Tim Riley and Katherine Van Dusen Randazzo are both Carlsbad residents. Katherine and her husband made the move to Carlsbad about four years ago to be closer to her 98-year-old mother. “This area has the best weather and the best proximity to shopping and dining,” gushed Katherine. Tim, on the other hand, has lived in the community for 30 years and he loves Carlsbad for “the diversity of people and the ability to be outdoors all year long.” But living in Carlsbad isn’t the only thing these two have in common; they are also both passionate about volunteering for a local nonprofit group called Voices for Children – an organization that recruits and trains volunteer Court Appointed Special Advocates (CASAs) to represent and advocate for San Diego’s foster children.

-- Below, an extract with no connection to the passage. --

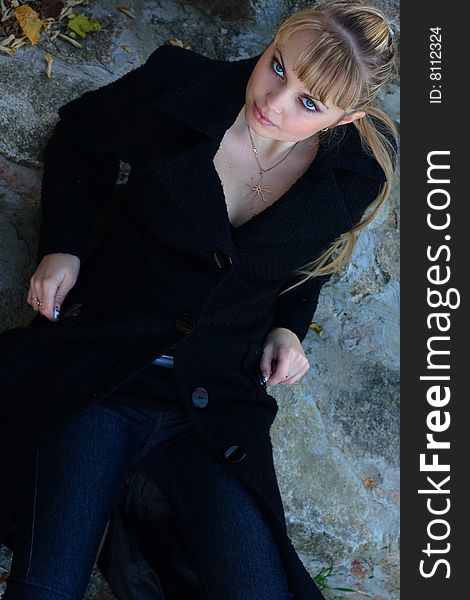 Beautiful young woman lies on the stairs in a black overcoat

“I found out about CASAs while at jury duty,” recalled Tim. “The mystery of being handed a case and walking into the life of a complete stranger and helping them navigate their way to a goal that you tease out of them is the most exhilarating and rewarding thing I have ever done.” Tim explained that his role as a CASA is to be a “fact-finder” and an “extra set of ears and eyes” for the overseeing judges. “The classroom and online training was comprehensive and practical and prepares you for what to expect,” he elaborated.


Name: Tim Riley
Communtiy: Carlsbad
Volunteer Affiliation: Voices for Children
Family: Married with 2 children
Hobbies: Golf, travel, road biking on PCH


Name: Katherine Van Dusen Randazzo
Communtiy: Carlsbad
Volunteer Affiliation: Voices for Children
Family: Husband, two sisters, three nieces and nephews, one mother of 98 years
Hobbies: Staying fit, watching tennis, playing with our cats (and dogs when we have them), reading both fiction and non-fiction


Before volunteering as a CASA, Katherine had thought about being one for many years. “One of my abiding passions is helping abused and neglected children,” shared Katherine. “When I finally reduced my work hours enough that I could make this commitment, I looked up the organization and called to start.” She added that her primary role as a CASA is looking for ways to get her case child what she needs. “A CASA is a person the child can trust to stay with her through thick and thin,” noted Katherine.

Both Tim and Katherine admit that volunteering as a CASA does not come without its fair share of obstacles. “Developing the initial trust and building a relationship in the beginning is challenging,” said Tim. “Overcoming bureaucratic and other obstacles that stand in the way of realizing the dependency court’s mandate of acting in the best interests of the child,” added Katherine. But these volunteers also agree that the rewarding aspects of the job far outweigh its challenges. “While the youth clearly benefits, the rewards that come back to the CASA are huge,” said Tim. “It is easy for the child to fall through the cracks of the system,” stated Katherine. “Seeing that you have really made a positive difference in the child’s life is extremely rewarding.”